4 - on Windows connection Set Database Server/Home Directory (The Hostname\Instance of your SQL Server database)

5 - on Windows connection Set Database ID (Data Warehouse repository)



6 - Create a new metadata only load table object in WhereScape RED called 'load_json_sample' containing no columns

7 - Set the pre load action to 'no action'

8 - Set the load tables connection to 'Windows'

9 - Set the load type to script based load

10 - Set the load tables script to 'script_run_powershell_load'



11 - Edit the load table source properties and set the source file path to 'https://api.github.com/users/mralexgray/repos'

12 - Edit the load table source properties and set the source file to 'create_from_webservice.ps1'

13 - If your JSON file has a single node which contains all other data, enter the name of this node into the source file field delimiter (not required for this tutorial)



14 - 'Load' the table (this will create the table in the database with the correct columns)

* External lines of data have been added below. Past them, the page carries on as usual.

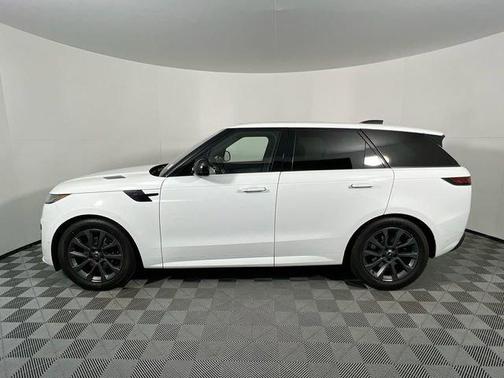 Ostuni Pearl White Metallic 2024 Land Rover Range Rover Sport SE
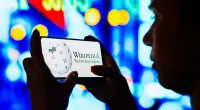 Robots could create a more reliable Wikipedia: study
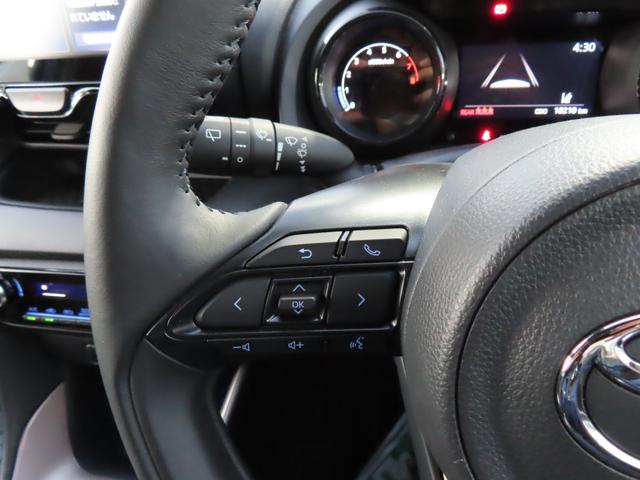 ヤリス Ｚ　バックカメラ　オートクルーズコントロール　レーンアシスト　衝突被害軽減システム　アルミホイール　オートマチックハイビーム　オートライト　ＬＥＤヘッドランプ　スマートキー　シートヒーター　ＭＴ（9枚目）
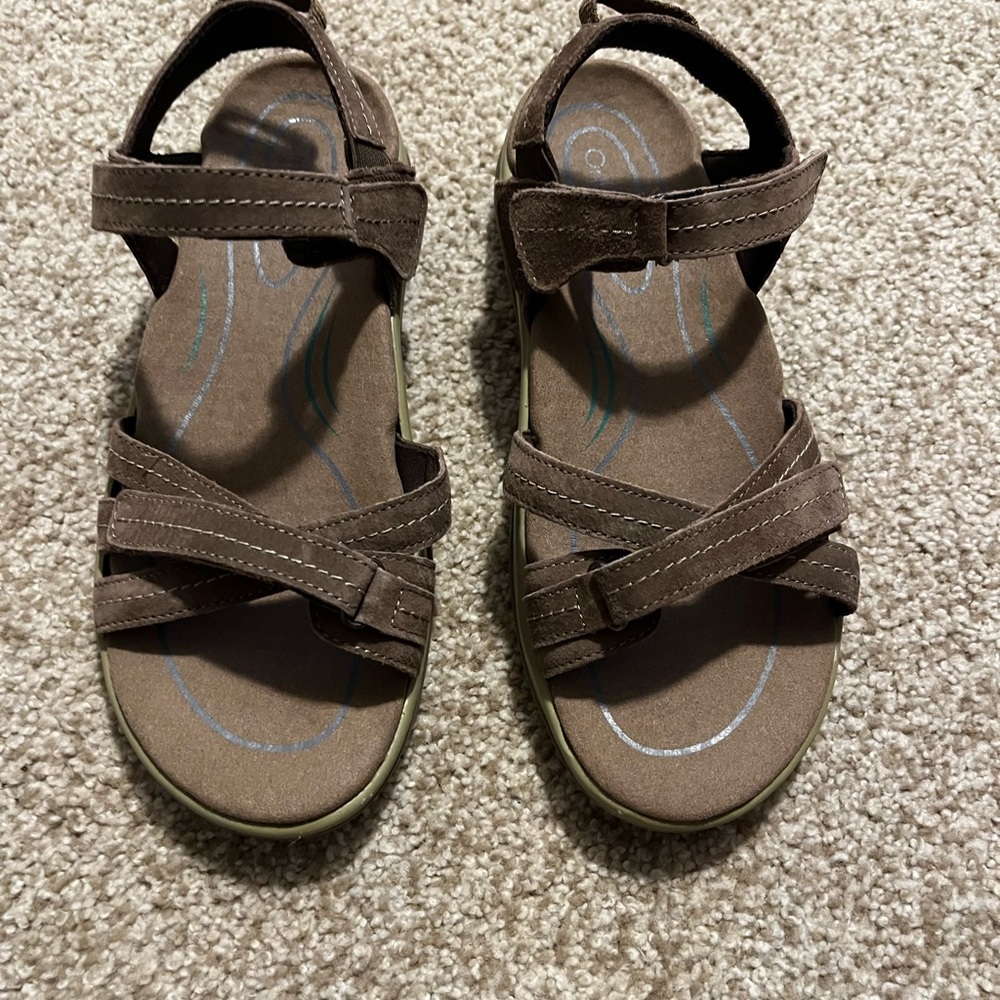 Ortho Feet WIDE Sandals- Like new- 6.5W D wide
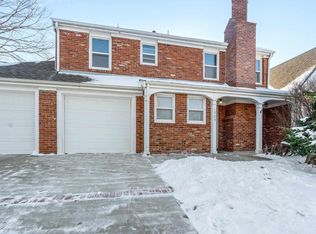 1503 Crossgate Dr, Lawrence, KS 66047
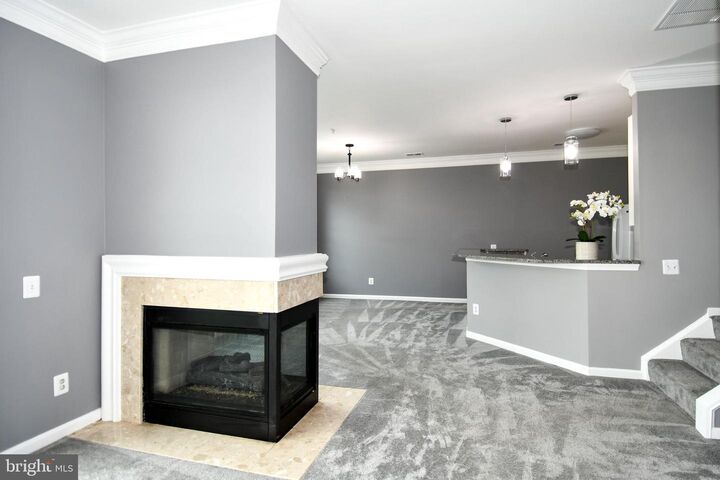 Property Photo: 1809 Kenwood Avenue 301 VA 22302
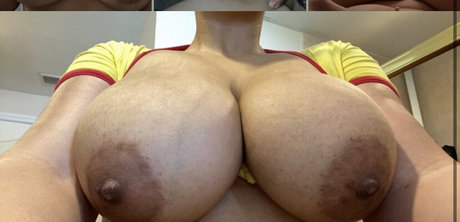 kimyz Nacktbilder von OnlyFans geleakt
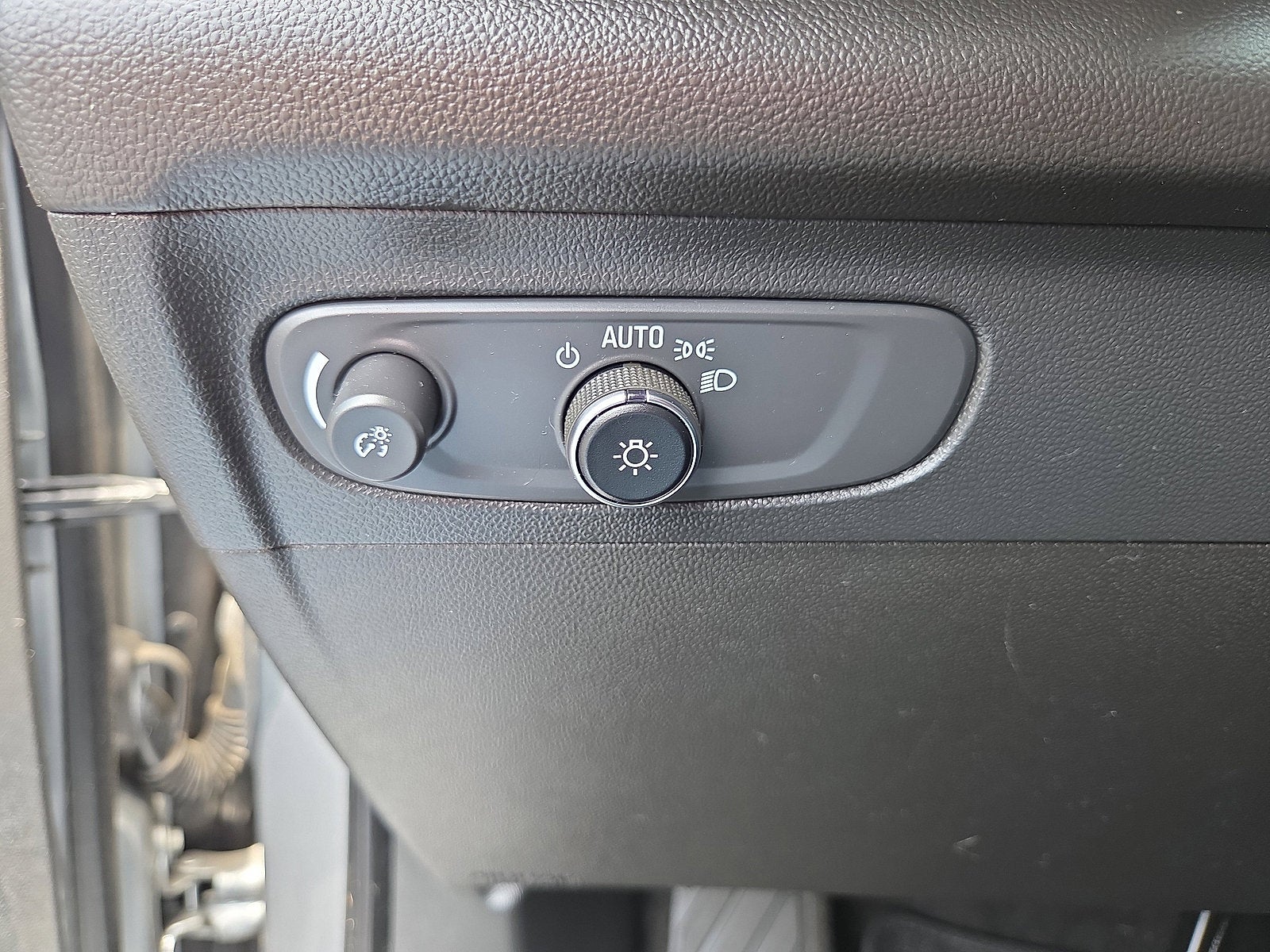2023 Buick Envision Essence AWD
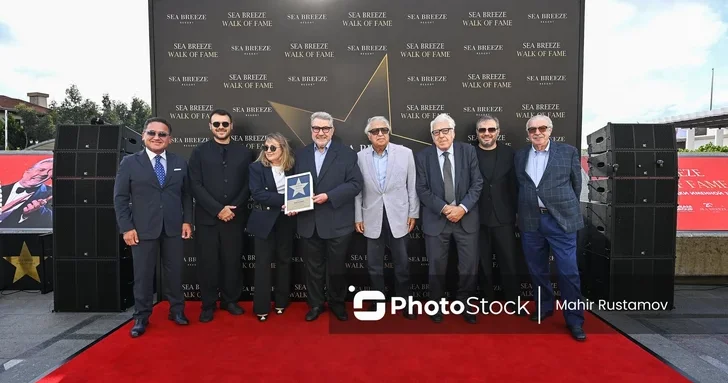 В Баку открыли звезду Юлия Гусмана на Sea Breeze Walk of Fame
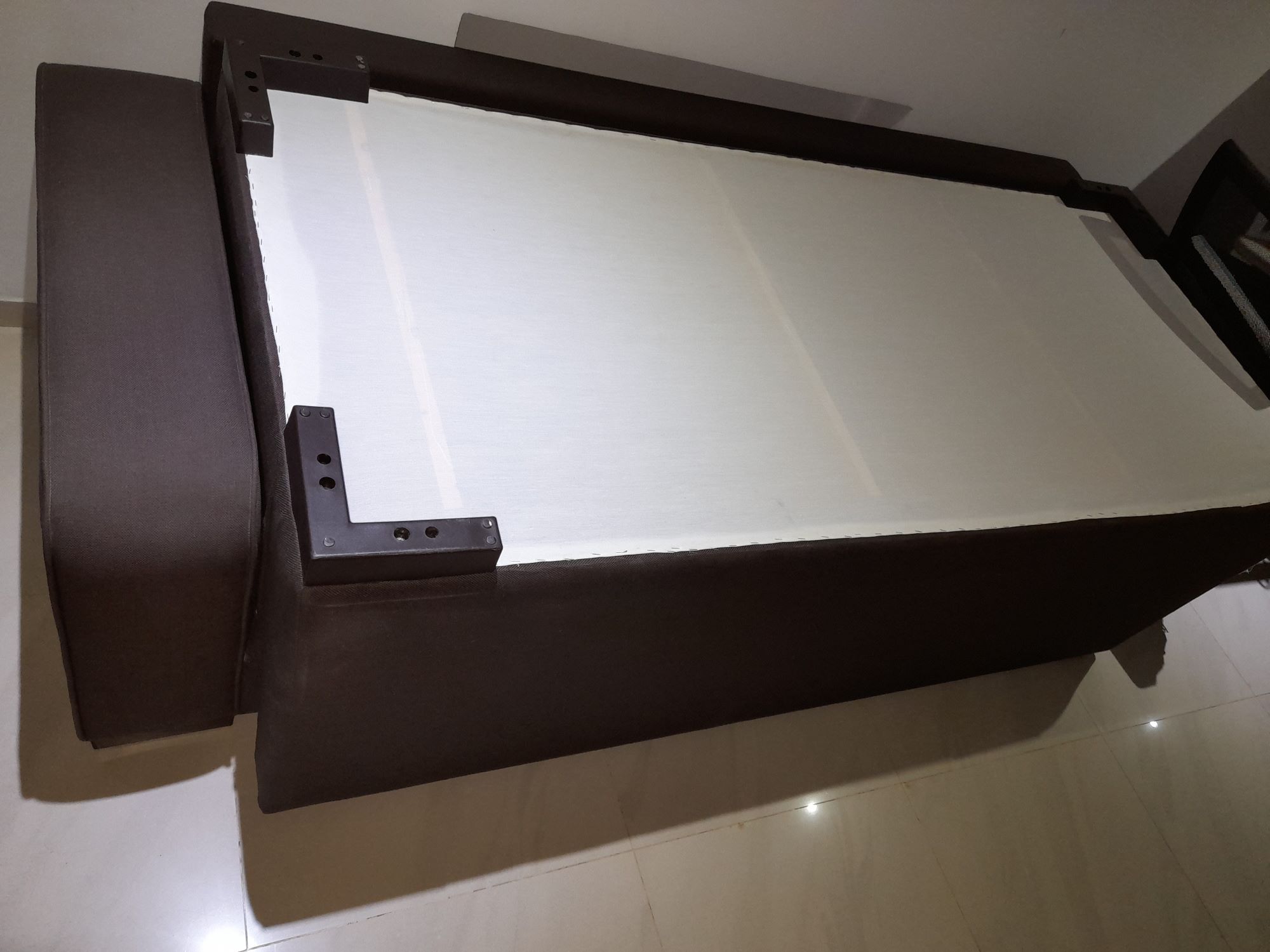 Ariana Ville Riadh Landlous Salon - Salle  manger  Poufs et reposes pieds Pouf canaps et meubles divers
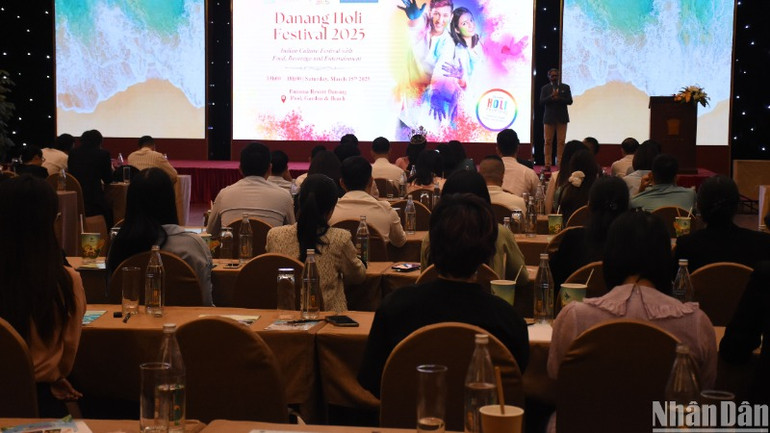 Đại diện Furama Resort Đà Nẵng giới thiệu về lễ hội Holi sẽ diễn ra tại Furama Resort Đà Nẵng vào ngày 15/3. (Ảnh: ANH ĐÀO) Đại diện Furama Resort Đà Nẵng giới thiệu về lễ hội Holi sẽ diễn ra tại Furama Resort Đà Nẵng vào ngày 15/3. (Ảnh: ANH ĐÀO)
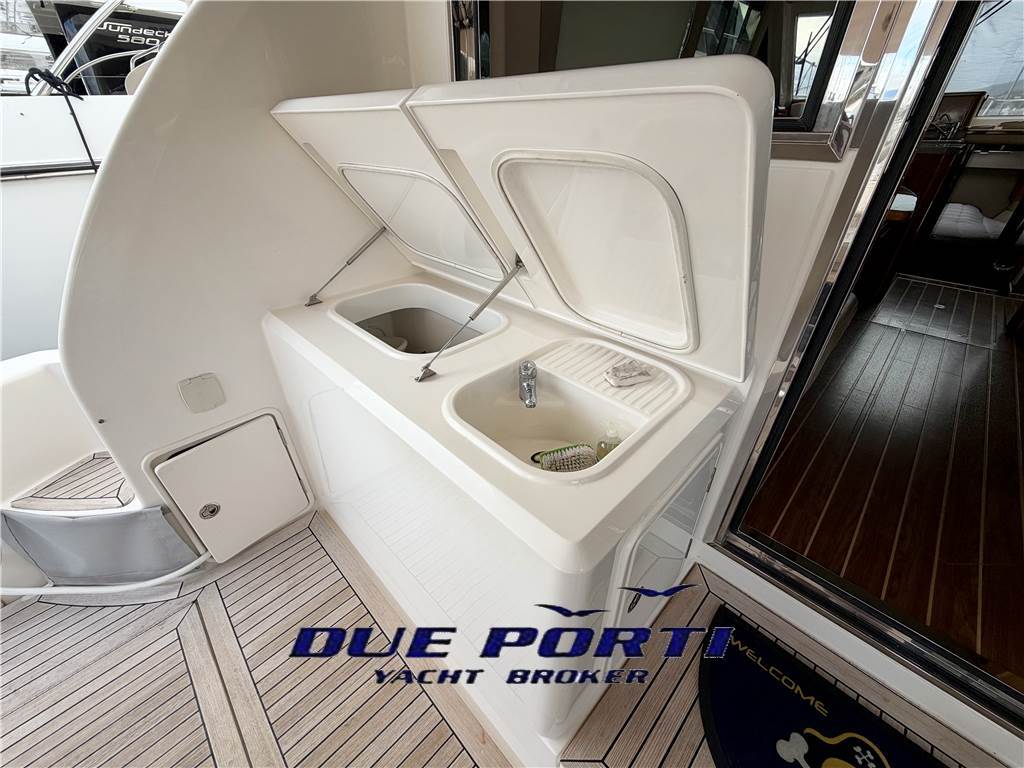 Riviera 45 Flybridge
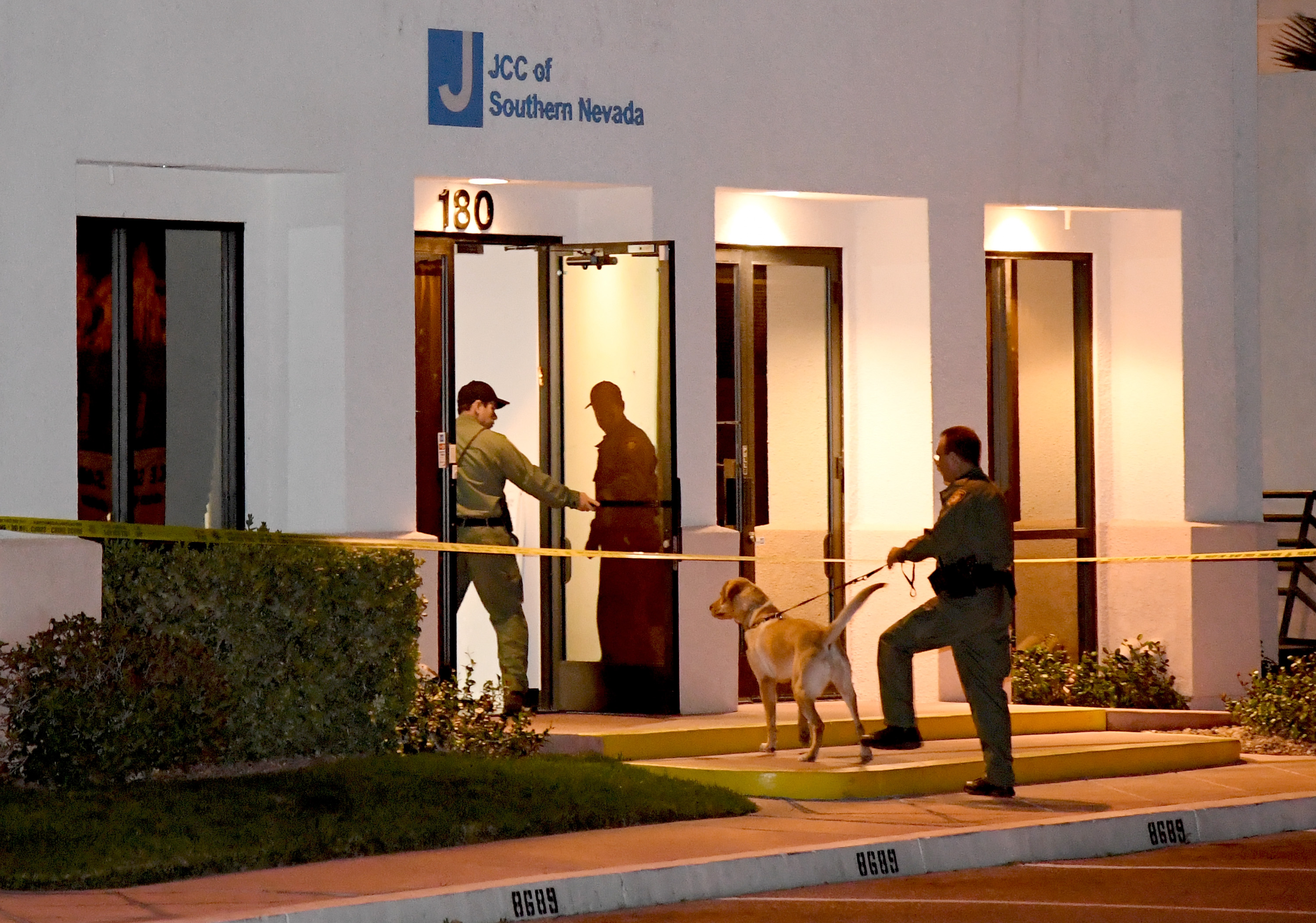 Police officers search the Jewish Community Center of Southern Nevada after an employee received a suspicious phone call that prompted an evacuation on February 26, 2017 in Las Vegas, Nevada. (Ethan Miller&mdash;Getty Images)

15 - Set the pre load action on the load table back to 'Truncate'



15 - Edit the load table source properties and set the source file to 'load_from_webservice.ps1'



16 - Load the table


Common issues:
- Your windows connection is correctly configured with the database server name and that the work directory is correctly set
If this is run via the scheduler, aborting the job WILL NOT KILL THE SCRIPT.
- The script checks the returned pages headers for the next page of data, if it is found, it will continue to loop around until no more data is returned.
- If your API does not return headers, you can disable them in the script by setting $UseHeaders to $False and it will guess at the next page of data
- The Size limit for an object in powershell is 2GB, if your JSON object (each page) is larger than 2GB after conversion then a memory error will be thrown.
- Some REST APIs can be flaky and return different fields on some pages instead of being uniform. If this occurs, the script can handle most of these scenarios. However, if a new field appears, it will need to be manually added to the table.